Influential Damnation 100: Bloggers

Wait, what? We’re the good guys, right? Yes, we are. But that doesn’t mean we aren’t a damnation. We are. And we’re the worst kind. (And that’s why we saved this damnation for last.) Why?

We seek the truth.

This is not just bad for vendors who do not want the truth exposed, but bad for you. Because what do you do when you finally come around to the dark side that the analysts and vendors claim we spread, and your eyes get opened and you realize that the solution you rushed into is not the right one. But you’re 18 months into a 36 month agreement, and getting out is almost impossible.

We don’t pull punches.

Not only do we speak the truth, but we don’t like to sugar coat it. Not even a little bit. A spoonful of sugar might make the medicine go down, but before you will take any medicine, you have to admit that you’re sick. We help you realize when you’re sick, when you need medicine, and what that medicine is, even when you don’t realize that you’re sick. And sometimes it hurts, but once you figure it out, and take the medicine, you get stronger. And that’s what’s important.

And sometimes our messaging runs counter to the message your bosses just paid a top analyst firm six (or seven) figures for.

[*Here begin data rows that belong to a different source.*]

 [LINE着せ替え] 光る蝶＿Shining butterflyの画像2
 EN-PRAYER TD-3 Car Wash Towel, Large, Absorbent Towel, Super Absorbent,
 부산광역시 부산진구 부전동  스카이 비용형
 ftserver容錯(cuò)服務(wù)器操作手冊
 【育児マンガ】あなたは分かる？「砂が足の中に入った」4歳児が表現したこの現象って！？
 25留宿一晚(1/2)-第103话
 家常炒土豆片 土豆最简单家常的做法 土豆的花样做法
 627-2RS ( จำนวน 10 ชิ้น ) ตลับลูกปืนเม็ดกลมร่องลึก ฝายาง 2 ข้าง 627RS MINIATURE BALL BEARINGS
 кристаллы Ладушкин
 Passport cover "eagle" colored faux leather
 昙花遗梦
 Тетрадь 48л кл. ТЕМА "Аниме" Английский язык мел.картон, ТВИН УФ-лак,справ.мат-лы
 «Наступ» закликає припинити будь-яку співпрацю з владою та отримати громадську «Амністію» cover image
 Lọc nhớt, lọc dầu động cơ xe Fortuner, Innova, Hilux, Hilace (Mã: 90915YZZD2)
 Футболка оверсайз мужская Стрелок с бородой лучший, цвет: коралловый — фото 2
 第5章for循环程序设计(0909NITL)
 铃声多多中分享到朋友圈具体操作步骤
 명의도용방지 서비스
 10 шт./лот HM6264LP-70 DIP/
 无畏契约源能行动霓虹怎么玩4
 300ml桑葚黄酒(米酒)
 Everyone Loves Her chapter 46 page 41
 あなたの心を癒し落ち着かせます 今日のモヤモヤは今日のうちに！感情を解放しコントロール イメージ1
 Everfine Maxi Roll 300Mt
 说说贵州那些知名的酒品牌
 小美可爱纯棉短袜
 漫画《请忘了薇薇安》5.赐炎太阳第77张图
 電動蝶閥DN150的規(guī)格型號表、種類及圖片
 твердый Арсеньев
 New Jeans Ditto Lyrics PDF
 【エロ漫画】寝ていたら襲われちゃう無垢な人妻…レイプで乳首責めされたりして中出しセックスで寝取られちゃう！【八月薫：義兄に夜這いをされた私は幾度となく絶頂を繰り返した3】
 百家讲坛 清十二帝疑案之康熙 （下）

Talk about damnation. Especially if we give you the message for free! The last thing you want to do is find out that the thick research report you paid six (or seven) figures for gives you the wrong message and, more importantly, contains the wrong research (leaving out vendors or solutions you desperately need in exchange for solutions that only partially fill the gaps). What could be worse, especially if another CXO wasted a good part of your research budget?

And because of this, some analysts or vendors will go out of their way to try and discredit us.

Trying to prove that we’re not bloggers, that we’re really independent analysts or consultants trying to spread a message that inflates our bank accounts, or really vendor reps who haven’t yet announced their affiliation. But when we are recommending an approach that has nothing to do with consulting or products we may, or may not, be selling; when we are spreading a message that inflates the bank accounts of others (but not us); or when we are talking about vendors who won’t even pay us a dime no matter how much we promote a shared cause, then those messages can’t be true. But the confusion others will cause will only bring more damnation upon us all.

When you’ve been drawn down the wrong road, sometimes a message from the right road can be the worst damnation of all.